血を集める。“赤竜血集”だ。眼への集中とは別に右腕の方にも血を集める。一瞬だけでもこの大地の手を斬れる筋肉を手に入れるために。
「“赤星筋狂”」
目に見える変化はない。実際は目と同じように赤くなっているのかもしれないが、鱗で纏われた腕は肌が見えずどうなっているのか分からない。
それでも、嫌な存在感を放っていることは間違いなかった。
勝負は一瞬、全力で地面を踏みしめ、大地の手に向かって全力で剣を振り下ろす。
一閃、流星のような眩い光が通り抜け、大地の手に線が現れた。メギドラの剣は根本から折れ、弧を描いて飛ぶ剣身に光が反射していく。
シェルルの言う通り、大地の手は斬れなかった。
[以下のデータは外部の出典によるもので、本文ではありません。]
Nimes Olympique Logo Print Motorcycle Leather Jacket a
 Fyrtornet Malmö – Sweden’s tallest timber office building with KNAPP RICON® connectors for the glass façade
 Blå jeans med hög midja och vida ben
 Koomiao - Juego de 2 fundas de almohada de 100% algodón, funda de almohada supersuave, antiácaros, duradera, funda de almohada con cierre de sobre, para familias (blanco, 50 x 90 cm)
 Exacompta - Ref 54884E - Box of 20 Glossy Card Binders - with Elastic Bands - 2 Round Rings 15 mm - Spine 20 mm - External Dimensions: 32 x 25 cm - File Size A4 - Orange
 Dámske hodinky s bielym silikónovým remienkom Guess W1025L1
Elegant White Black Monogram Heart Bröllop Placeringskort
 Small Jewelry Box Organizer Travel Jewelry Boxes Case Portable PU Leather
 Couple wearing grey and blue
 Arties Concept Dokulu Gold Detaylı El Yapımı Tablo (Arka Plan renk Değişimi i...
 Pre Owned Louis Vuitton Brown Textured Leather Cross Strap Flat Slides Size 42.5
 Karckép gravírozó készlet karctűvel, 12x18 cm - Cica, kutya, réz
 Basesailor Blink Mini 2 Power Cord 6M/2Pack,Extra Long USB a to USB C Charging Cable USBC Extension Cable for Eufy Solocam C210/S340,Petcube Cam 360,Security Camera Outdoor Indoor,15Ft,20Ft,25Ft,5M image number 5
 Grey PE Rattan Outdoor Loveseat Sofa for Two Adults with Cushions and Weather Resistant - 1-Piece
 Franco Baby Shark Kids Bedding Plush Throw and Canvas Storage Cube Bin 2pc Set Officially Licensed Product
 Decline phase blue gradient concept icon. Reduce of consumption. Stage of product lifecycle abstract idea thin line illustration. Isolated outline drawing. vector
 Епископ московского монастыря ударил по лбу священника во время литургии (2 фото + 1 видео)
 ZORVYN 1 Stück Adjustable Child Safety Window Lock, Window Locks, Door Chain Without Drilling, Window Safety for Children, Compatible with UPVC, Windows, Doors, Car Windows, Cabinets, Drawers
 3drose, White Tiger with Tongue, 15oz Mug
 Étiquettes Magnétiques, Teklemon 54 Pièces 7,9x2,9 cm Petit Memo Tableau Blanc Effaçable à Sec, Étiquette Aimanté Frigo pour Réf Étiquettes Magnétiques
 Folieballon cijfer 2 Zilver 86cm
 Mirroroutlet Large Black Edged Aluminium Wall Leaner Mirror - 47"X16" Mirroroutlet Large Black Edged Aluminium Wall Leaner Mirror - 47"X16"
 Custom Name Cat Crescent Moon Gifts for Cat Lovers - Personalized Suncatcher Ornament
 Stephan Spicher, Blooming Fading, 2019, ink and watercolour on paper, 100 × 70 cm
血を操って強化した力でも打ち破れなかった───かに思われた。
線の間から日の出のように光が差し込み、手が真っ二つに分かれていく。壁が崩れるかのようにボロボロと土が剝がれていく。
メギドラの目には分かれた手を修復するために神経が伸びていく様子が見えた。それでもメギドラが通り抜けるには十分な時間はある。
切り拓いた最短距離を通ってシェルルとの距離を詰める。折れた剣を投げ捨て、固く拳を握りしめた。
シェルルはメギドラの威圧感を感じ、残りの2本の石の手と自身の両の腕で防御の姿勢を取る。強化されたメギドラの拳は、その程度で防げるはずがないというのに。